Approach 3: Playwright Browser Automation

For pages with heavy client-side rendering or authentication walls:

from playwright.sync_api import sync_playwright
import json
import time
import random

def scrape_company_playwright(company_slug, proxy_config=None):
    """Scrape company profile using Playwright browser automation."""
    with sync_playwright() as p:
        launch_kwargs = {
            "headless": True,
            "args": [
                "--disable-blink-features=AutomationControlled",
                "--disable-dev-shm-usage",
                "--no-sandbox",
            ],
        }
        if proxy_config:
            launch_kwargs["proxy"] = proxy_config

        browser = p.chromium.launch(**launch_kwargs)
        context = browser.new_context(
            viewport={"width": 1440, "height": 900},
            user_agent=HEADERS["User-Agent"],
            locale="en-US",
            timezone_id="America/New_York",
        )

        # Intercept GraphQL responses
        graphql_data = []
        def handle_response(response):
            if "graphql" in response.url.lower():
                try:
                    data = response.json()
                    if data.get("data"):
                        graphql_data.append(data["data"])
                except Exception:
                    pass

        page = context.new_page()
        page.on("response", handle_response)

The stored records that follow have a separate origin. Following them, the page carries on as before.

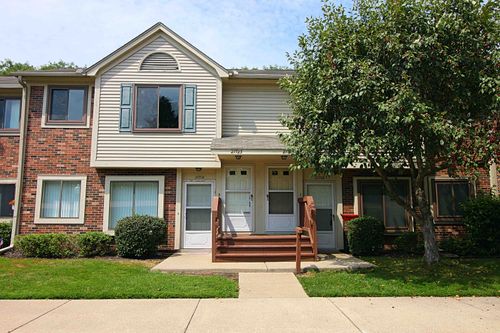 27723 Harrison Woods Ln, Harrison Township, MI, 48045-3548 | Card Image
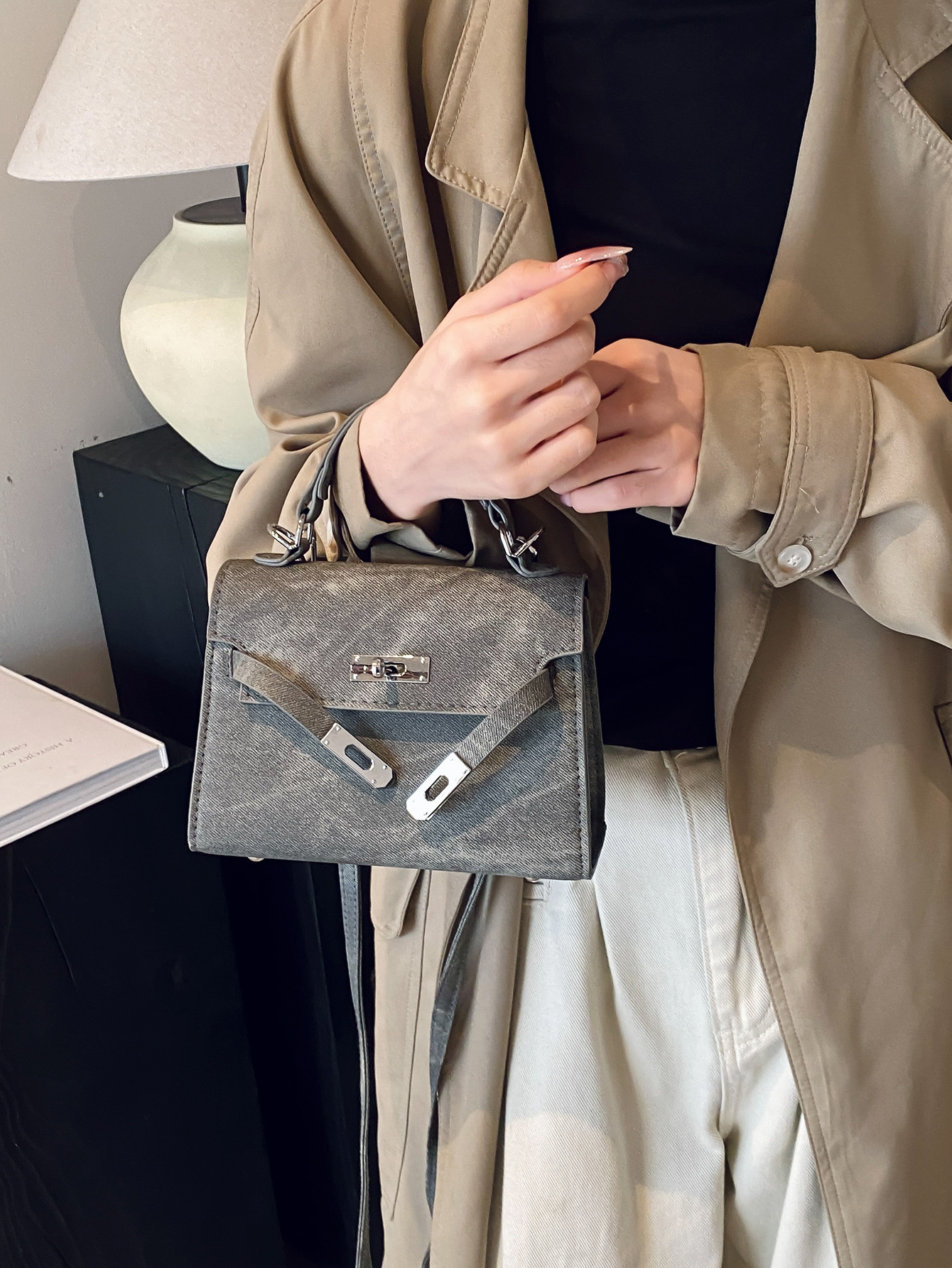 Retro commuter textured clasp Gentle temperament Tote with Instagram Crossbody clasp Bag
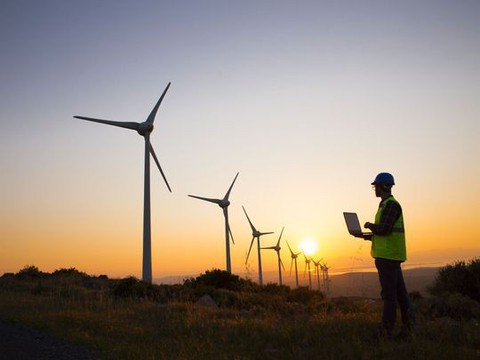 Ông Trump công kích điện gió, tuyên bố turbine gió có thể gây ung thư - Ảnh 2. Ông Trump công kích điện gió, tuyên bố turbine gió có thể gây ung thư - Ảnh 2.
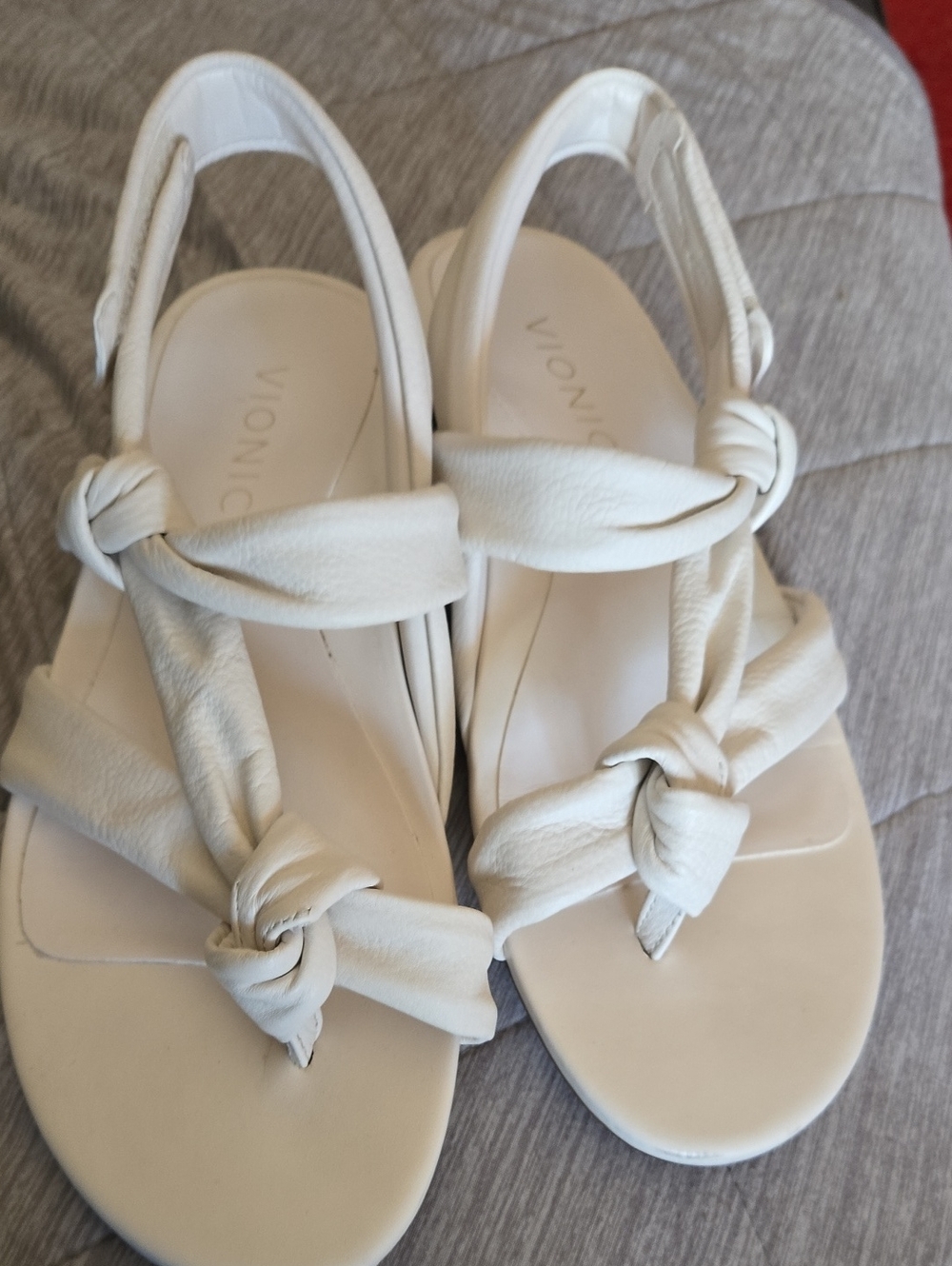 Vionic Cream Knotted Slingback Sandals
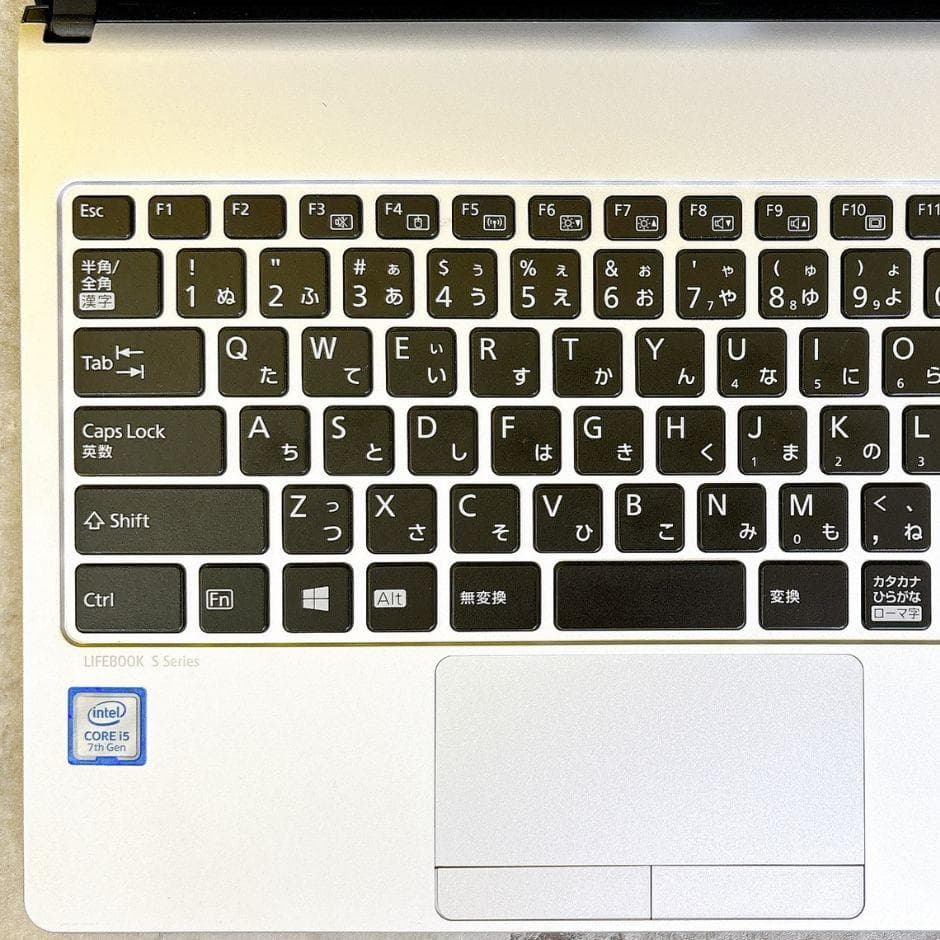 小型軽量❣ｉ5✨SSD搭載で快適✨薄型 フルHD カメラ付き Windows11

        # Navigate to company page
        page.goto(
            f"https://wellfound.com/company/{company_slug}",
            wait_until="networkidle",
            timeout=30000,
        )
        time.sleep(random.uniform(2, 4))

        # Extract visible data from DOM
        company_data = page.evaluate("""
            () => {
                const getText = (sel) => document.querySelector(sel)?.textContent?.trim();
                const getAll = (sel) => Array.from(
                    document.querySelectorAll(sel)
                ).map(e => e.textContent.trim()).filter(Boolean);

                return {
                    name: getText('h1') || getText('[data-test="company-name"]'),
                    tagline: getText('[data-test="tagline"]') || getText('[class*="tagline"]'),
                    description: getText('[data-test="description"]') || getText('[class*="description"]'),
                    size: getText('[data-test="company-size"]'),
                    stage: getText('[data-test="company-stage"]'),
                    markets: getAll('[data-test="market-tag"], [class*="market"]'),
                    tech_stack: getAll('[data-test="tech-tag"], [class*="tech-stack"]'),
                    social_links: Array.from(document.querySelectorAll('a[href*="twitter"], a[href*="linkedin"]'))
                        .map(a => ({ href: a.href, text: a.textContent.trim() })),
                };
            }
        """)

        # Scroll to load more content (lazy-loaded sections)
        page.evaluate("window.scrollTo(0, document.body.scrollHeight)")
        time.sleep(1.5)

        # Get funding info (often in a separate section)
        funding_data = page.evaluate("""
            () => {
                const rounds = [];
                document.querySelectorAll('[class*="funding-round"], [data-test*="round"]').forEach(el => {
                    rounds.push({
                        text: el.textContent.trim(),
                        type: el.querySelector('[class*="round-type"]')?.textContent?.trim(),
                        amount: el.querySelector('[class*="amount"]')?.textContent?.trim(),
                        date: el.querySelector('[class*="date"]')?.textContent?.trim(),
                    });
                });
                return rounds;
            }
        """)

        company_data["funding_rounds"] = funding_data
        company_data["graphql_data"] = graphql_data  # Raw captured responses

        browser.close()
        return company_data

# Proxy config for ThorData
proxy_config = {
    "server": "http://proxy.thordata.com:9000",
    "username": "your_user",
    "password": "your_pass",
}
company = scrape_company_playwright("stripe", proxy_config)
print(f"Company: {company.get('name')}")
print(f"Stage: {company.get('stage')}")

Anti-Bot Measures

Wellfound runs Cloudflare with bot scoring. Understanding the layers:

Cloudflare Bot Management

Cloudflare checks: - IP reputation: Datacenter IPs fail immediately; residential IPs pass - TLS fingerprint: Non-browser TLS stacks get challenged - JavaScript execution: CF injects a challenge that must execute in a real browser - Behavioral signals: Mouse movements, scroll events, request patterns

Solution: Use residential proxies. Datacenter IPs are near-universally blocked by Wellfound's Cloudflare config. ThorData's residential proxy network routes through real household IPs that pass Cloudflare's bot scoring.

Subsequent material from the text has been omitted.